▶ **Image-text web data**
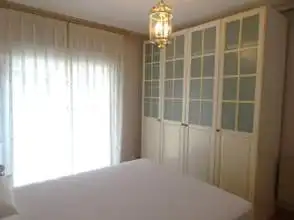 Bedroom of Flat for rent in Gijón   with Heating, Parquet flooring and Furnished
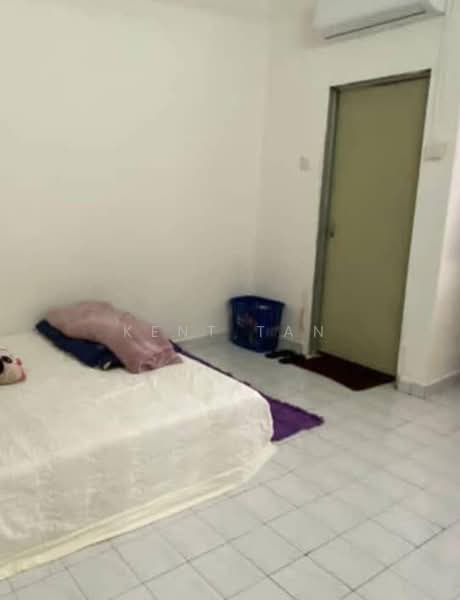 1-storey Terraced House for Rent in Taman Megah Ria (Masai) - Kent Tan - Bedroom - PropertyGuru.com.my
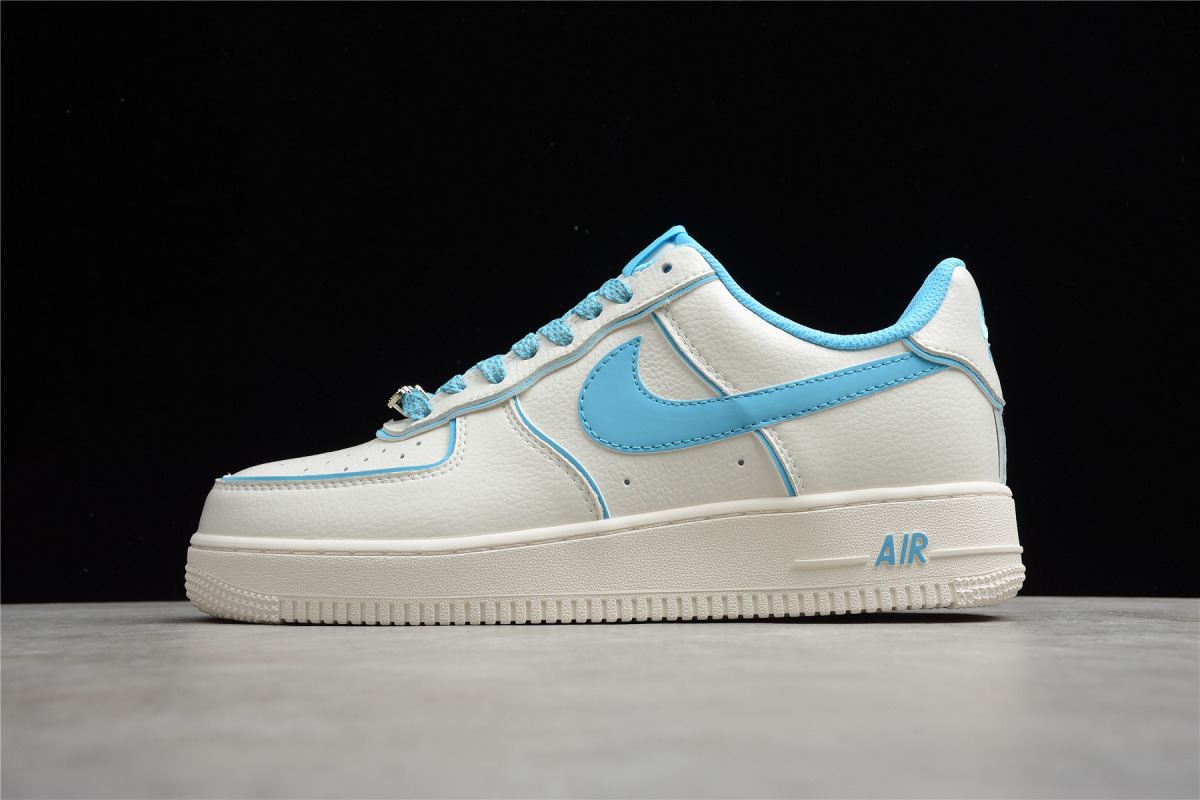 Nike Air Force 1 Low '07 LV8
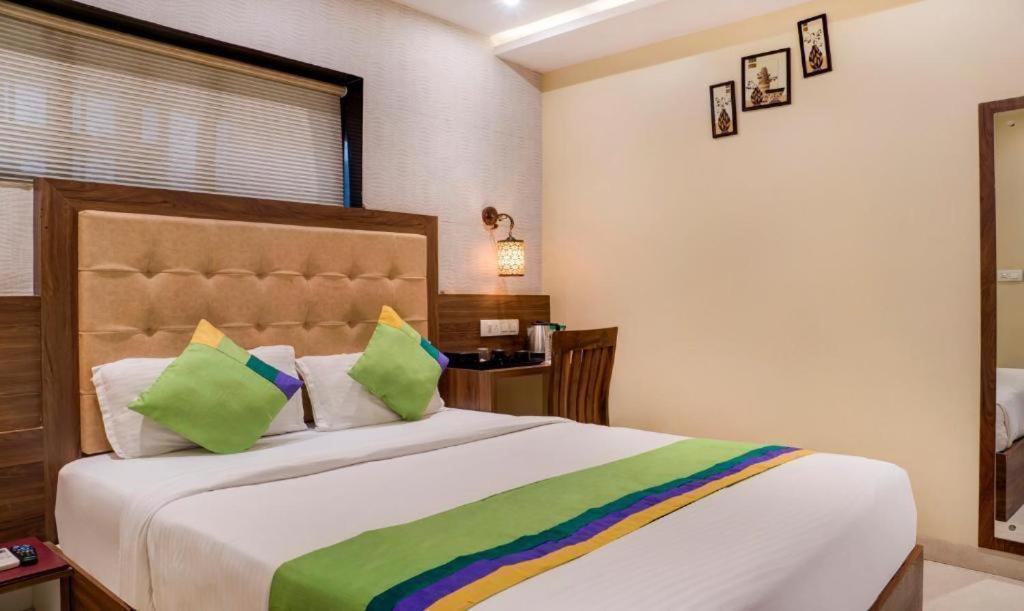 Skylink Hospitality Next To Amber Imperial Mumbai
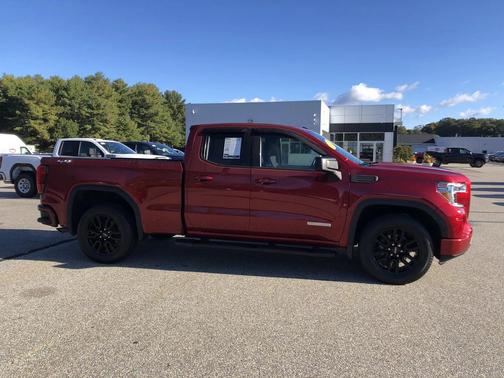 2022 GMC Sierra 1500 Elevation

▶ **Aim of the exercise**
Go back to the entries above and restate word for word every line from the first through the one that contains "Nike Air Force 1 Low '07 LV8", leaving the pictures behind.

▶ **Result for this task**
 Bedroom of Flat for rent in Gijón   with Heating, Parquet flooring and Furnished
 1-storey Terraced House for Rent in Taman Megah Ria (Masai) - Kent Tan - Bedroom - PropertyGuru.com.my
 Nike Air Force 1 Low '07 LV8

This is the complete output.